Saat ini, Phu Quoc adalah satu-satunya destinasi di Vietnam yang memiliki kebijakan visa khusus untuk warga negara asing dan warga negara Vietnam yang memegang paspor asing. Masuk, keluar, dan tinggal di pulau ini bebas visa, dengan masa tinggal sementara hingga 30 hari.
Jumlah pengunjung internasional meningkat berkat kebijakan visa yang menguntungkan.
Menurut statistik dari Badan Pariwisata Nasional Vietnam dan pemerintah daerah, jumlah total wisatawan domestik mencapai sekitar 12,5 juta, meningkat 19% dibandingkan periode yang sama tahun lalu.
Pada tahun 2024, hanya tiga kota – Kota Ho Chi Minh, Hanoi , dan Da Nang – yang memiliki pendapatan melebihi 1 triliun VND, tetapi tahun ini jumlah tersebut meningkat menjadi delapan daerah, dengan tambahan Khanh Hoa, Kien Giang, Quang Ninh, Lao Cai, dan Ninh Binh. Destinasi budaya, spiritual, dan wisata terus menarik banyak wisatawan.

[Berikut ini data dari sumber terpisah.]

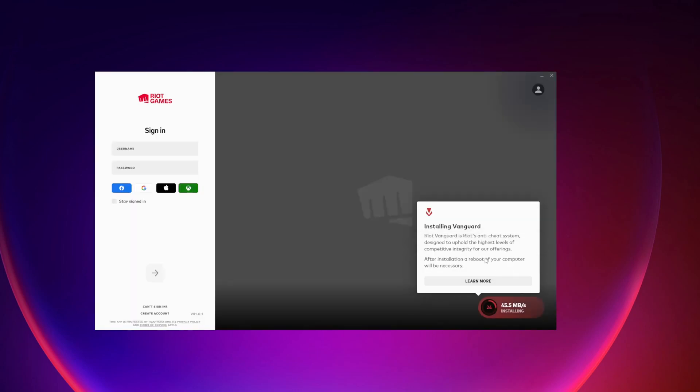Once that's finished, you're going to be taken to the Riot Games client here where you want to go ahead and sign in again. Riot Vanguard is also going to install on your computer, which is Riot's anti-cheat system.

Menurut Badan Pariwisata Nasional Vietnam, jumlah pengunjung internasional juga meningkat rata-rata 30%, berkat kebijakan visa yang menguntungkan dan upaya promosi pariwisata dari berbagai perusahaan.
Pada tahun 2025, industri pariwisata menargetkan untuk menyambut dan melayani 22-23 juta wisatawan internasional dan 120-130 juta wisatawan domestik, yang secara langsung berkontribusi 6-8% terhadap PDB dengan pendapatan sekitar 1 triliun VND.